According to Exergio, a company pioneering AI-based tools to reduce building energy waste, the path forward isn’t about limiting access to cooling—it’s about getting smart.

Cooling’s Global Surge—and the Inefficiency Problem

From Germany, where AC ownership jumped from 13% of households in 2023 to 19% in 2024, to India, where cooling could drive over 45% of peak electricity load by 2050, demand is climbing at a staggering pace. Indonesia is seeing projections of a five-fold increase in cooling energy usage. And across the Middle East and North Africa, inefficient HVAC systems are contributing to more than a fifth of national emissions in countries like Egypt and Jordan.

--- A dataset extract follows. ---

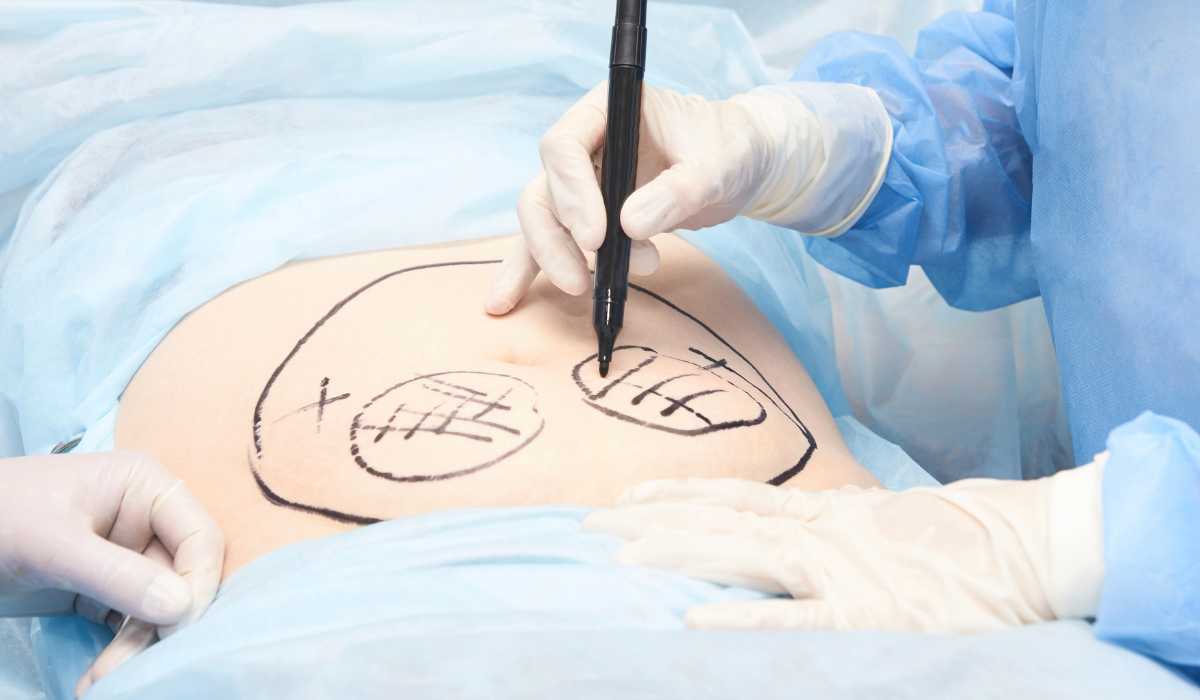 Best plastic surgeon in Egypt for liposuction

In many of these places, air conditioning has gone from luxury to necessity. But the systems in place? They haven’t kept up.

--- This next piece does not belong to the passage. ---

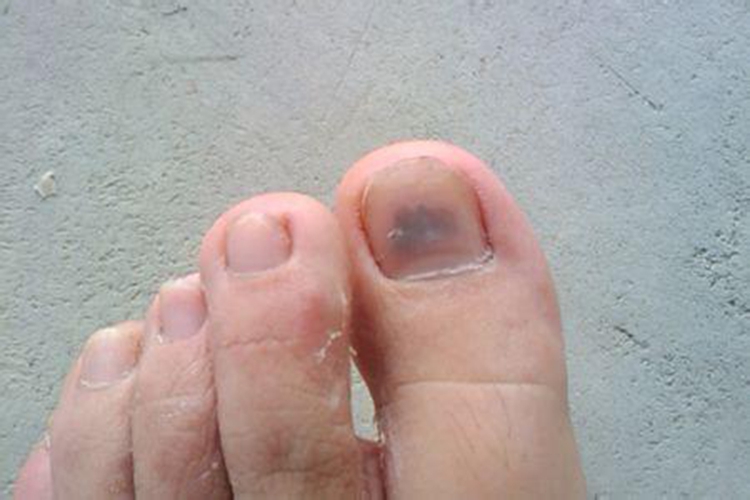 灰指甲初期症状 最初图片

“The core problem is the same almost everywhere,” says Donatas Karčiauskas, CEO of Exergio. “Most AC units still operate in isolation – not as part of a building’s energy ecosystem. They cool empty rooms, ignore outside conditions, and run full blast without adapting to real needs. That’s not just inefficient – it’s the fastest way to waste energy and money.”

It’s not just about present-day consumption, either. The IEA estimates that residential cooling alone will require 700 TWh more electricity by 2035—that’s three times the increase expected from global data centers.

“The bigger threat isn’t what cooling systems consume today – it’s how much more they’ll consume as the world gets hotter and cities expand,” Karčiauskas adds. “If we keep installing ACs without integrating smarter control systems, we’re not just adding comfort – we’re locking in decades of inefficiency, rising electricity demand, and avoidable emissions.”

Smarter Systems, Cooler Outcomes

The solution? AI-powered HVAC management systems that don’t just automate—they optimize.

Today’s most promising platforms integrate sensor data, machine learning, and predictive analytics to anticipate cooling needs and adjust airflow, ventilation, and energy loads in real time. This approach turns cooling into a responsive, data-driven process, rather than a brute-force blast of cold air.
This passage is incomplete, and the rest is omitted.